§ Records for this exercise:
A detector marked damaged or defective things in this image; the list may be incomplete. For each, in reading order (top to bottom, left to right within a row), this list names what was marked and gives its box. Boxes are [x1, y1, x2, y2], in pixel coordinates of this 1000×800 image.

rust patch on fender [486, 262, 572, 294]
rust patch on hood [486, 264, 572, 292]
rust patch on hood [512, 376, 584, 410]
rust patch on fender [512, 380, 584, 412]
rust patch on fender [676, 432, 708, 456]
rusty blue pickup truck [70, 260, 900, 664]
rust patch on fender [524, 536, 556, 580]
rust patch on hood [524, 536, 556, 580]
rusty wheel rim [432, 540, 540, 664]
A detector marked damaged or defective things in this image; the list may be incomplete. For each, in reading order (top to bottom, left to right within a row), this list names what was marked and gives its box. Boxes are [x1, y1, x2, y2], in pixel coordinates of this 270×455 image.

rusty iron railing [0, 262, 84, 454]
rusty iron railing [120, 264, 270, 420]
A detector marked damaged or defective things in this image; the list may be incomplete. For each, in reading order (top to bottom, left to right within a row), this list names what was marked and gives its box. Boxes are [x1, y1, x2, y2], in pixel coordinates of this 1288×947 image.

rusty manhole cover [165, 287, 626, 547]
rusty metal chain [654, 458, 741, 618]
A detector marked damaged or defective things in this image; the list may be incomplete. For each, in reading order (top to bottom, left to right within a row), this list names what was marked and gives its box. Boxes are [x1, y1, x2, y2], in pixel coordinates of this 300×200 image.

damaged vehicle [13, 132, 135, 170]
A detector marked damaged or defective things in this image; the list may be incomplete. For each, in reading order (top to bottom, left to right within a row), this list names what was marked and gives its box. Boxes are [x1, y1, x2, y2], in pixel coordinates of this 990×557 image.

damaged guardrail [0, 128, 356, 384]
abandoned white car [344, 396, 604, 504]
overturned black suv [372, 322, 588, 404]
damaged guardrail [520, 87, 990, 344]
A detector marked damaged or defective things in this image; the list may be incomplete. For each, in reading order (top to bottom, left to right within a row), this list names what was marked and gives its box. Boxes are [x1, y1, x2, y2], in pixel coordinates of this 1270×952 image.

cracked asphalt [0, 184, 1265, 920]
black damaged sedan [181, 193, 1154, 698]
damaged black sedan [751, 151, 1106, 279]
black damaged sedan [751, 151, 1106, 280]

§ Exercise: All of the material above should be printed again exactly as it is.

§ Answer to this task:
A detector marked damaged or defective things in this image; the list may be incomplete. For each, in reading order (top to bottom, left to right within a row), this list names what was marked and gives its box. Boxes are [x1, y1, x2, y2], in pixel coordinates of this 1000×800 image.

rust patch on fender [486, 262, 572, 294]
rust patch on hood [486, 264, 572, 292]
rust patch on hood [512, 376, 584, 410]
rust patch on fender [512, 380, 584, 412]
rust patch on fender [676, 432, 708, 456]
rusty blue pickup truck [70, 260, 900, 664]
rust patch on fender [524, 536, 556, 580]
rust patch on hood [524, 536, 556, 580]
rusty wheel rim [432, 540, 540, 664]
A detector marked damaged or defective things in this image; the list may be incomplete. For each, in reading order (top to bottom, left to right within a row), this list names what was marked and gives its box. Boxes are [x1, y1, x2, y2], in pixel coordinates of this 270×455 image.

rusty iron railing [0, 262, 84, 454]
rusty iron railing [120, 264, 270, 420]
A detector marked damaged or defective things in this image; the list may be incomplete. For each, in reading order (top to bottom, left to right within a row), this list names what was marked and gives its box. Boxes are [x1, y1, x2, y2], in pixel coordinates of this 1288×947 image.

rusty manhole cover [165, 287, 626, 547]
rusty metal chain [654, 458, 741, 618]
A detector marked damaged or defective things in this image; the list may be incomplete. For each, in reading order (top to bottom, left to right within a row), this list names what was marked and gives its box. Boxes are [x1, y1, x2, y2], in pixel coordinates of this 300×200 image.

damaged vehicle [13, 132, 135, 170]
A detector marked damaged or defective things in this image; the list may be incomplete. For each, in reading order (top to bottom, left to right within a row), this list names what was marked and gives its box. Boxes are [x1, y1, x2, y2], in pixel coordinates of this 990×557 image.

damaged guardrail [0, 128, 356, 384]
abandoned white car [344, 396, 604, 504]
overturned black suv [372, 322, 588, 404]
damaged guardrail [520, 87, 990, 344]
A detector marked damaged or defective things in this image; the list may be incomplete. For each, in reading order (top to bottom, left to right within a row), this list names what was marked and gives its box. Boxes are [x1, y1, x2, y2], in pixel coordinates of this 1270×952 image.

cracked asphalt [0, 184, 1265, 920]
black damaged sedan [181, 193, 1154, 698]
damaged black sedan [751, 151, 1106, 279]
black damaged sedan [751, 151, 1106, 280]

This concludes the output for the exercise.